The lady asked me if I had plans for Christmas, and where my parents lived, if I got to see them often. She told me that she had been a teacher, that she got a degree in History and Physical Education in Pakistan and then another qualification to be a teacher in the UK. She told me that when her husband died her nephew and his family came to join her and her daughter to look after her. When we reached the bus stop, she told me I was an angel, she gave me a kiss and exclaimed ‘and you didn’t even let me buy you anything from the bakery!’.

Smiling, I headed once more to the post office. I pushed the button again and crossed the road again. I often wonder what people are thinking of when they stand and wait without pressing the button for the green man. Maybe they think that the buttons that aren’t connected to an outcome are duping us into believing that the button means something. It’s tricking us and making fools of us all. Is it that fear of being led on which seems come along with city life? Like taking a freebie or a flyer on the street. When this lady first approached me I too was held back by a fear of being taken advantage of, of losing out somehow or feeling stupid. Thankfully I was forced into engaging with her by my own innate awkwardness.

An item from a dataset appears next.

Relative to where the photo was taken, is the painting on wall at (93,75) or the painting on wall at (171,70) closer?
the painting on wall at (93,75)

But it’s a modern day Pascal’s Wager: pushing the button may not summon the green man, but if it does you can cross, and if you don’t you will be standing in the cold, breathing in carbon monoxide, forever (or until I come along) – so push the button. If the button is just to give you something to do with your hands while you contemplate jumping in front of busses, then pushing it wont cause you to lose anything. Not even your dignity. Anyway, pushing buttons is fun – so push the button.

Today, when the lady asked me for a favour, she risked being dismissed out of hand, ignored, or (I hate to suggest it) abused. I could have made her feel feeble and weak, or unworthy of help, I could just have made her feel angry at the bastard youth of today, who don’t know they’re born. It’s hard to ask for help from anyone. But by asking, you infinitely increase the chance of someone saying ‘yes’.

There will be a time for everyone, everywhere, without exception, that they will need a helping hand. When you get there – you could ask for help, and risk rejection, or you could struggle on the long way round, proud, independent, and risking long term damage to your back.

Just push the button. You might not even have to buy them a bun.